"sometime" (was: New to me)

Laurence Horn laurence.horn at YALE.EDU
Sat Mar 3 14:52:36 UTC 2012


On Mar 3, 2012, at 8:50 AM, Arnold Zwicky wrote:

> On Mar 2, 2012, at 6:37 PM, Wilson Gray wrote:
>
>>
>> From the ZDNet site:
>>
>>  "Show _Anyways_?"
>>
>> I've heard this in the wild since forever and I've seen it in print as
>> an oddity used to provide color, like _youse_ or _y'all_, but I've
>> never seen it in an "official," as it were, document, so to speak.
>>
>> You click on "Show Anyways?" and deleted posts from _Below threshold_
>> are displayed.
>>
>
> entries in both DARE and MWDEU.  here's Gabe Doyle on the form:
>
> http://motivatedgrammar.wordpress.com/2011/02/03/s-series-i-anyways/
>
> The historical source of anyways is as the adverbial genitive of any way, according to the Oxford English Dictionary. In this regard, anyways is analogous to always (genitive of all way(s)) or sometimes (genitive or plural of some time). The difference is that for the latter two words, the genitive version solidly beat out the bare form.

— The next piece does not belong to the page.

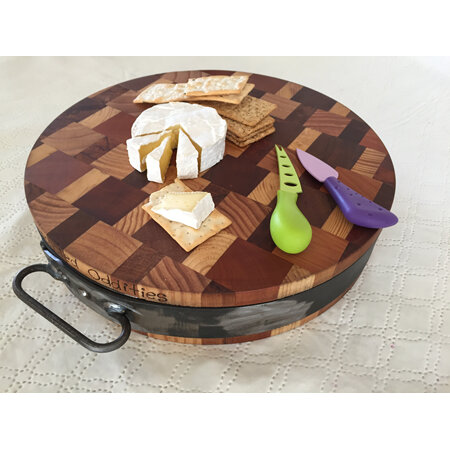 Thick Round Chopping Board with steel band and handle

Alway is basically gone from English now, and sometime lingers on as an adjective in only a limited, often literary, role (e.g., there is a blog titled Life and Times of a Sometime Poet).** […]
>

Odd that this entry doesn't acknowledge what at least for me is a salient semantic contrast, i.e. a division of labor between "sometimes" (the frequentative adverb) and "sometime" (a fancy version of 'former', not of 'sometimes').  In the above, I assume the blogger used to be a poet, not that s/he is a poet on occasion.

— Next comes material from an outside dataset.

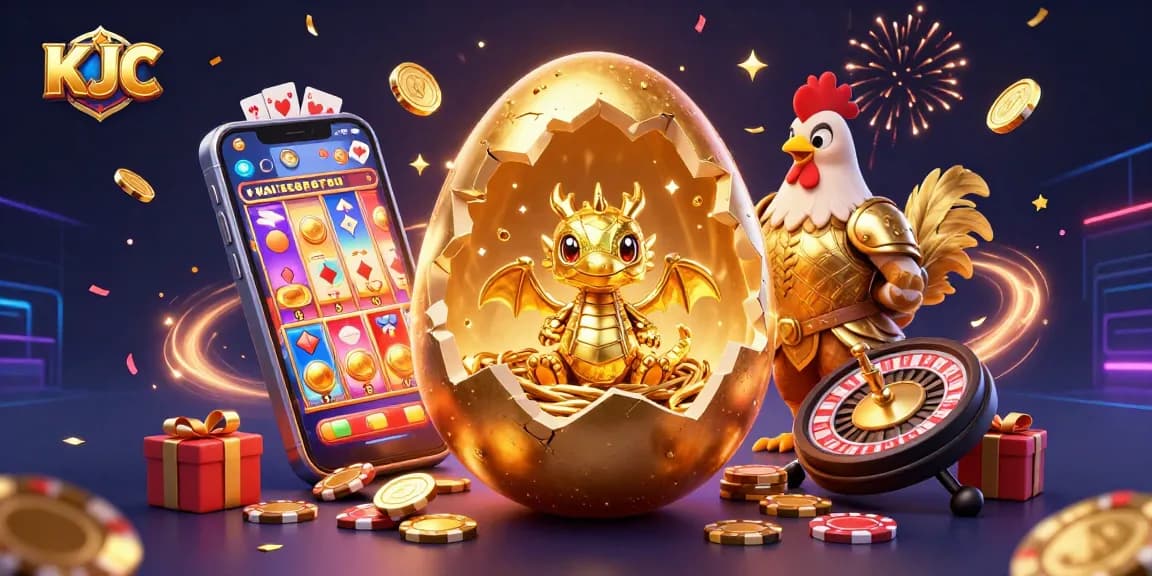 KJC's online gaming world unveiled with a golden dragon amidst poker chips and slot games.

But on consulting the AHD usage note, I see that I'm being too hasty here:  there are actually two distinct words, one with the 'former' meaning which has been around since the 15th century and the other as indicated above, attested since the 1930s (ex.: "the team's sometime star and sometime problem child").  Go know.  Although if it's only attested since the 1930s, is it really a case of the earlier historical non-genitive form of the frequentative _sometimes_ "linger[ing] on"?  I'd guess the "sometime poet" (Bob, evidently) and "sometime problem child" involve a 20th century back-formation of an adjective to correspond to the adverb _sometimes_, not a relic of (some)time past.